Tests to complete before creating a RateMon MR

Before creating a MR, thoroughly test the new code with the following tests. All of these tests should be done after a git pull and a git checkout of the new branch has been done on the machine so that the test runs on the new code.

Miscellaneous checks

  1. Check that in ShiftMonitorNCR.py, self.sendMattermostAlerts_static is set to True. If this is false, then alerts will not be sent to the RateMon alerts channel on Mattermost.

Tests on lxplus

  1. Run plotTriggerRates.py: python3 plotTriggerRates.py --triggerList=TriggerLists/monitorlist_COLLISIONS.list 370725
  2. Run ShiftMonitorTool.py without the config file: python3 ShiftMonitorTool.py --simulate=370725
  3. Run ShiftMonitorTool.py with the config file: python3 ShiftMonitorTool.py --simulate=370725 --configFile=ShiftMonitor_config.json

Tests on VM (caer)

  1. Run plotTriggerRates.py: python3 plotTriggerRates.py --triggerList=TriggerLists/monitorlist_COLLISIONS.list 370725
  2. Run test queries from the web interface (http://caer.cern.ch/api/v1/ui), with all different combintations of queryByFill and createFit, while setting the runNumber to the corresponding run/fill number for a given triggerKey. Preferably, use a recent run/fill and a standard trigger. Make sure the expected output (JSON, ROOT) is produced while monitoring the output on the VM.

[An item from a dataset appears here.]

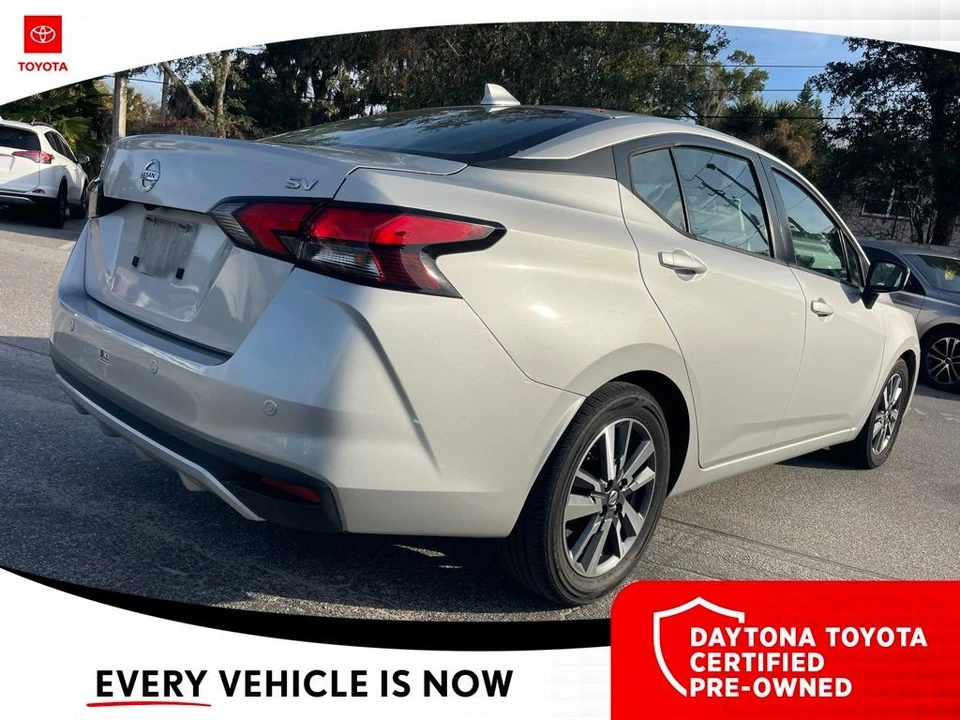 2020 Nissan Versa - Image 10 of 10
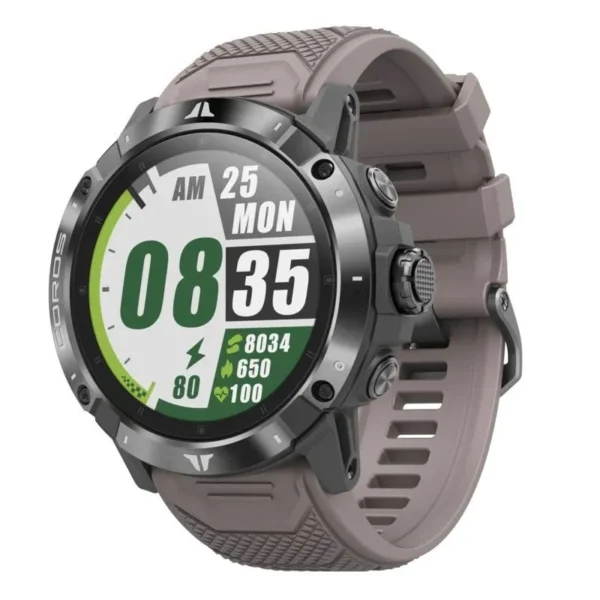 Coros Vertix2 GPS Adventure Obsidian — Демо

Tests on P5 dev VM (kvm-s3562-1-ip149-08)

NOTE: These instructions need to be updated as per Issue #120

Login to machine:

ssh lxplus
ssh cmsusr
ssh kvm-s3562-1-ip149-08

This should put you into the directory /nsfhome0/USERNAME. If it is your first time using the machine, setup the ratemon repository here using git clone https://gitlab.cern.ch/cms-tsg-fog/ratemon.git.

Navigate to the ratemon directory and do a git pull and git checkout for the branch you want to test. Then run the following two tests:

  1. Test make_plots_for_cron_manual.py using a test fill (This is not available yet. In the meantime manually edit make_plots_for_cron.py to run over a specified fill by commenting out the line run_lst , fill_num = parser.getRecentRuns() and replacing it with two lines: fill_num = 9068 and run_lst = parser.getFillRuns(fill_num)).
  2. Test ShiftMonitorTool on the dev machine via a systemctl process:
sudo systemctl start ratemon.service
sudo journalctl -fu ratemon
sudo systemctl stop ratemon.service

Deployment

GitLab CI can deploy to P5. To do this, perform the following steps:

  • Create a new tag
  • Create a new pipeline
    • Run for must be set to your newly created tag instead of master
    • Set variables P5_USER and P5_PASS to your P5 username and password (note that P5 username is the same as CERN username, but P5 password is cmsusr password).
  • In this newly created pipeline, press the deploy:P5 play button
    • In order to manually deploy successfully, you also need to be on the cms ratemon librarian group.

After Deploying Changes

After deploying changes to the P5 machine, do the following to update the ater machine and confirm everything is running as expected.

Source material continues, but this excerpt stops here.